Post from a thought-provoking weblog called UNplanning Journal (as in un-planner, not U.N. planner--sort of along the same theme as deconsumption I think). It introduces the concept of "food miles", as in "How many total miles did your lunch travel to get to your plate?"
"For breakfast I ate oatmeal with bananas. Being somewhat health conscious, I am well aware of the benefits of oatmeal and fresh fruit. My oatmeal as usual, originates from the US Midwest, grain capital of the world, via Chicago. Today’s bananas were Panamanian. While the oatmeal was probably trucked over here, bananas were flown in. Not counting the sugar I sprinkled on, breakfast traveled 5500 miles to get to my plate....

...So all in all, [totalling Breakfast, Lunch and Dinner] I ate food from eight countries that traveled a whopping 35,675 collective miles to my plate via truck, train, boat and plane before being picked up and driven home by me in a personal vehicle.

While this arrangement makes perfect sense economically, it is utterly insane from an energetic standpoint and ultimately not sustainable."

[...]

"Once the supply of cheap energy dries up, the global supermarket will become a thing of the past.
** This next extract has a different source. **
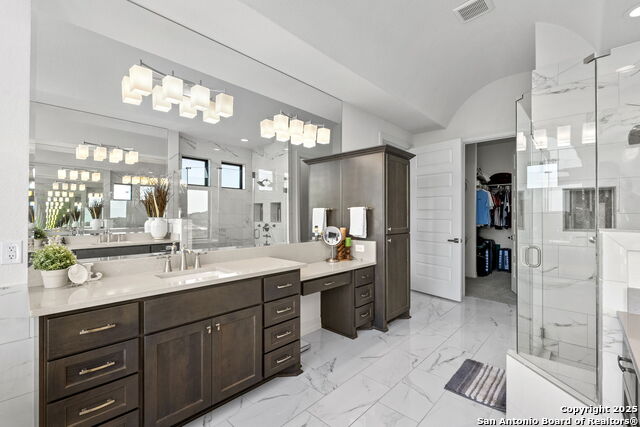 Image 32 of 59 For 75 Mariposa Parkway E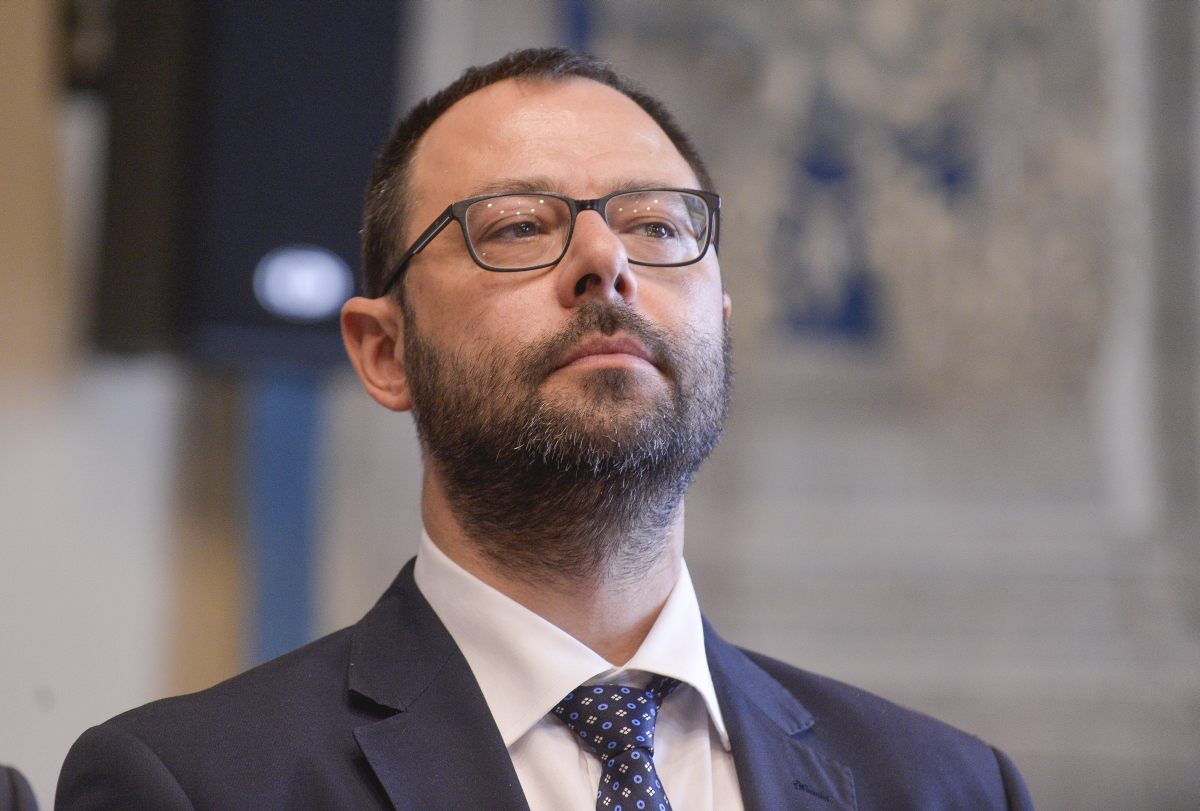 M5S: “Se su Rousseau vince in No al governo Conte ne prenda atto”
The implication of this change is very disturbing and extends far beyond whether or not a shopper in Topeka will still be able get fresh strawberries in January. The problem is unfortunately much more fundamental than that. In an energy-deprived future the more fundamental question has to be asked: will we have any reliable form of food distribution at all? With large tracts of the world engaged in one form of monoculture or another, what will we all end up having for dinner, absent a coherent transition to localized cultivation of produce and grains?

...In all likelihood, the regions that survive the Great Unraveling will be those areas that mastered the switch from the industrialized model of corporate agriculture to a labor intensive cultivation of whatever that needs to be consumed locally by their residents. Those that fail to adapt will die off. It’s that easy."